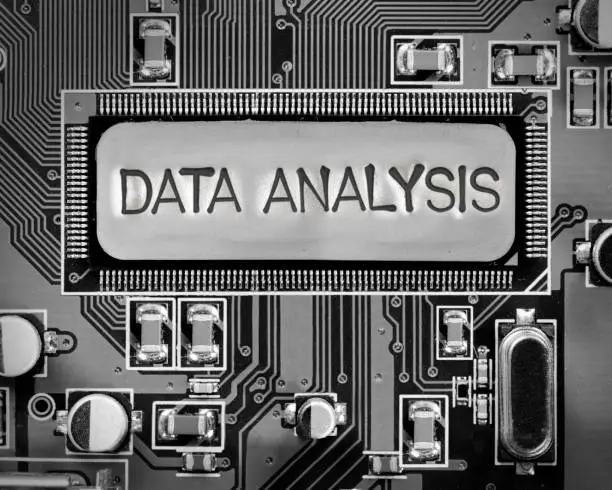 Macro photo of circuit board and chip with DATA ANALYSIS words imprinted on metal surface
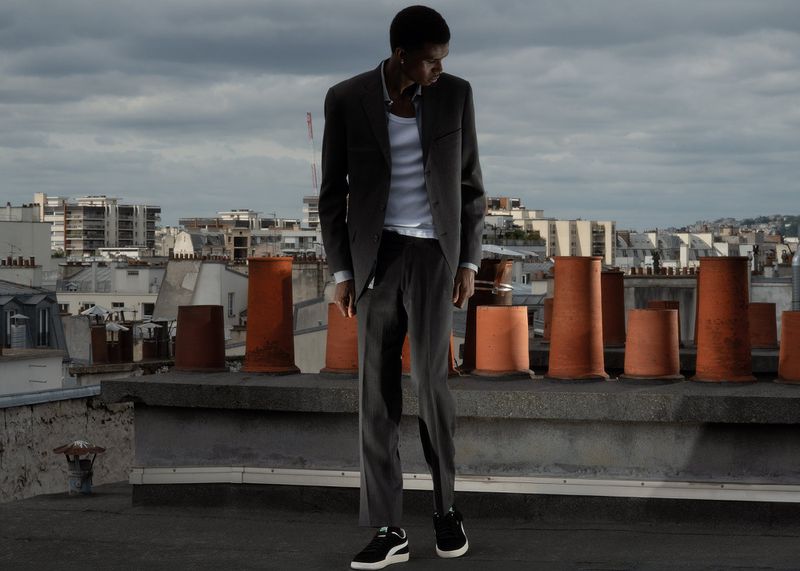 A young man in a grey suit stands on a rooftop in an urban landscape with chimney pipes and buildings under an overcast sky.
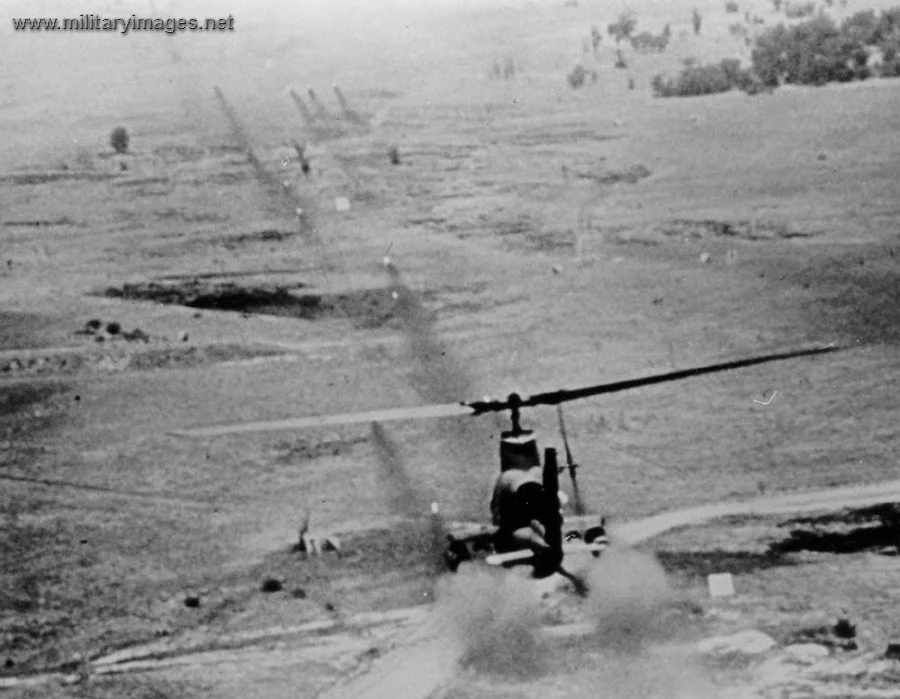 Huey Cobra Firing in Support of a Combat Assault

_PROMPT_
Exclude the pictures and print the rest of the data exactly.

_SOLUTION TO THE PROBLEM_
 Macro photo of circuit board and chip with DATA ANALYSIS words imprinted on metal surface
 A young man in a grey suit stands on a rooftop in an urban landscape with chimney pipes and buildings under an overcast sky.
 Huey Cobra Firing in Support of a Combat Assault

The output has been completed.